» EXERCISE DESCRIPTION:
Transcribe the entries below exactly from their first line through the line containing "Sony 1 Sony", and let no picture into the copy.

» AVAILABLE DATA:
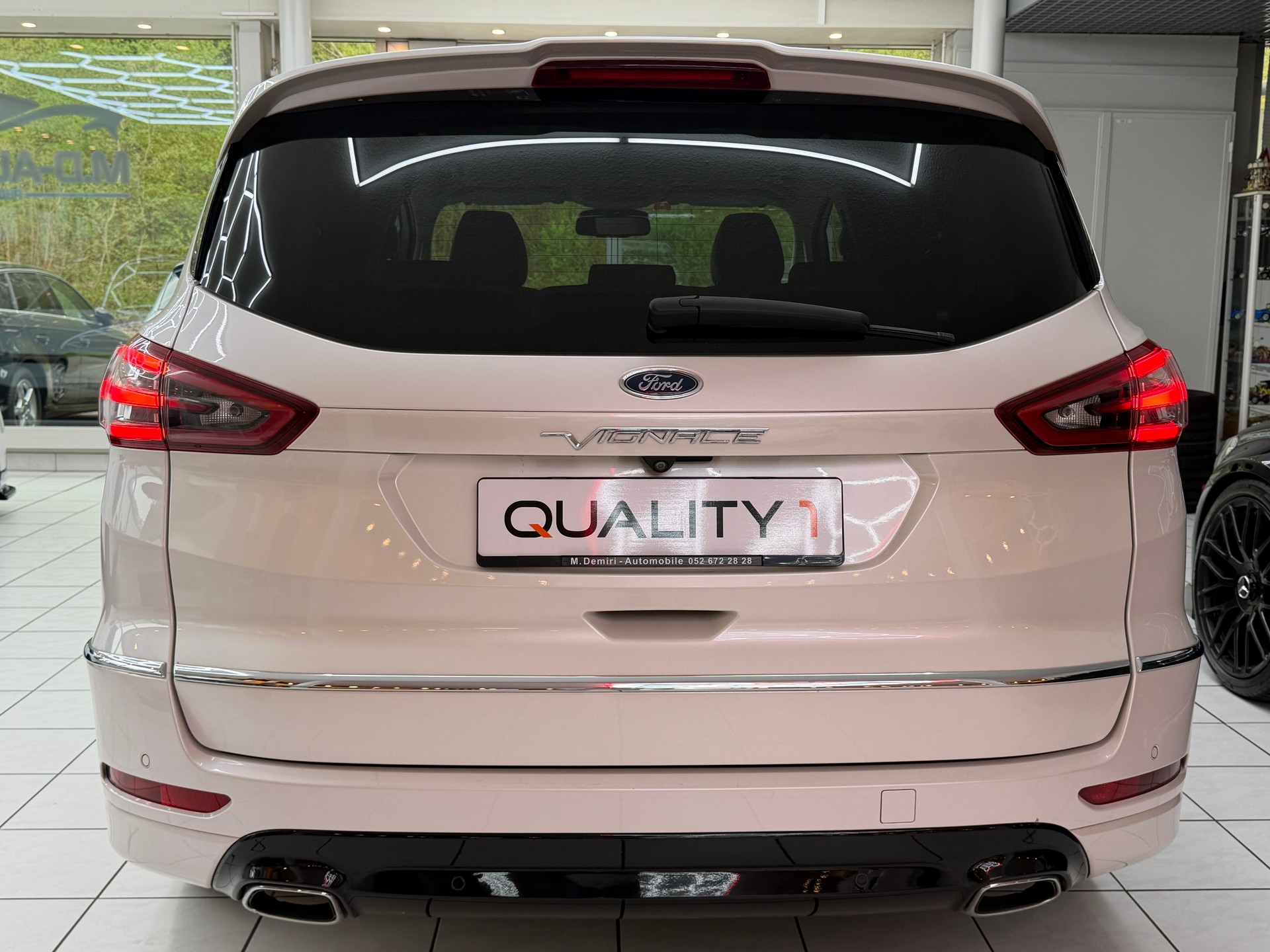 FORD S-Max 2.0 TDCi 180 Vignale FPS 4x4-image-8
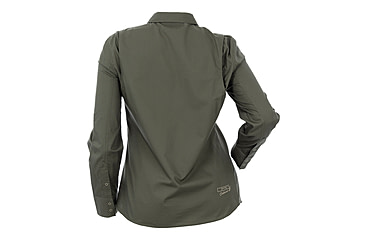 Image of DSG Outerwear Field Shirt - Womens, Sage/Khaki, Medium, 516889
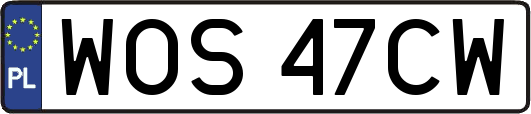 WOS47CW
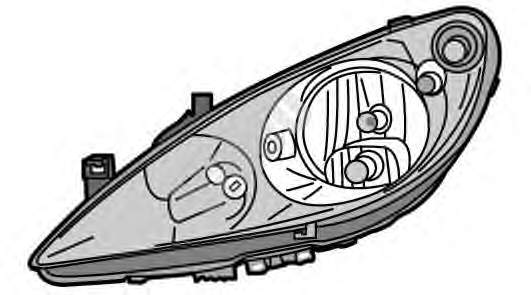 Faros delanteros Alkar 2741307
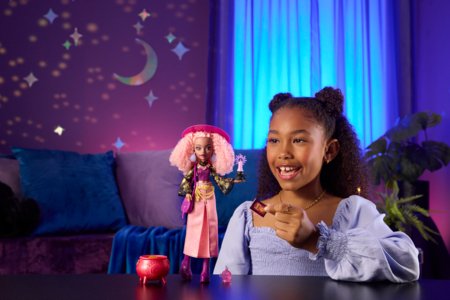 MONSTER HIGH MOONSPELL MAGIC nukk Rae – päikesenõid, JMB91 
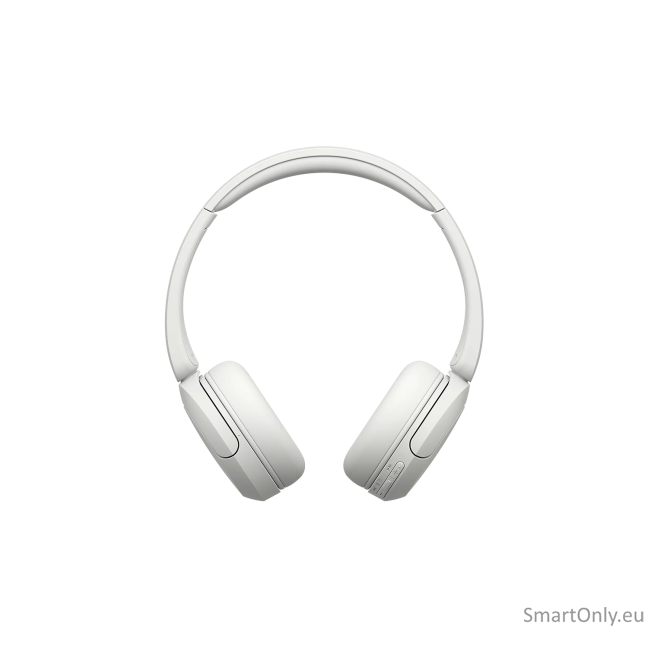 Sony WH-CH530 Wireless Bluetooth Headphones - White | Sony 1 Sony WH-CH530 Wireless Bluetooth Headphones - White | Sony 1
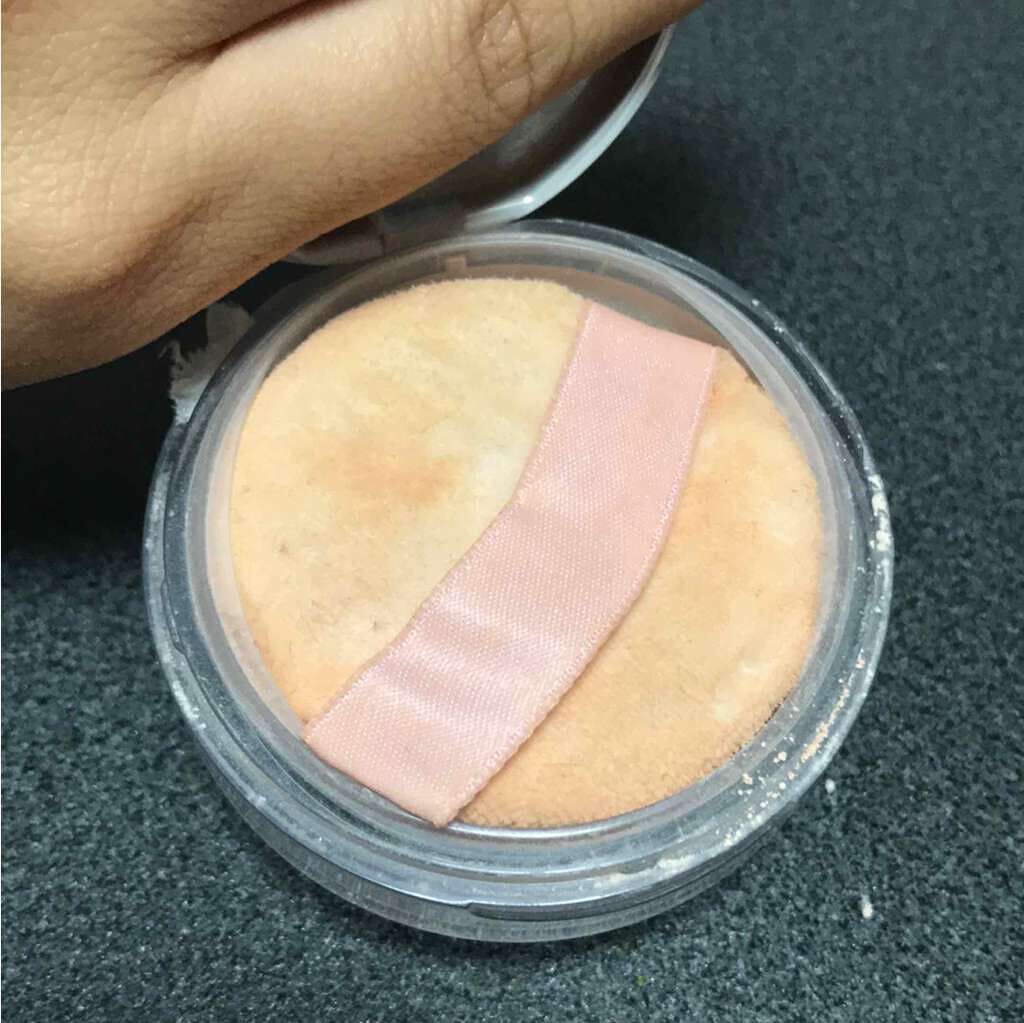 マシュマロフィニッシュルースパウダー/キャンメイク/ルースパウダーを使ったクチコミ(2枚目)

» SOLUTION TO THIS PROBLEM:
 FORD S-Max 2.0 TDCi 180 Vignale FPS 4x4-image-8
 Image of DSG Outerwear Field Shirt - Womens, Sage/Khaki, Medium, 516889
 WOS47CW
 Faros delanteros Alkar 2741307
 MONSTER HIGH MOONSPELL MAGIC nukk Rae – päikesenõid, JMB91 
 Sony WH-CH530 Wireless Bluetooth Headphones - White | Sony 1 Sony WH-CH530 Wireless Bluetooth Headphones - White | Sony 1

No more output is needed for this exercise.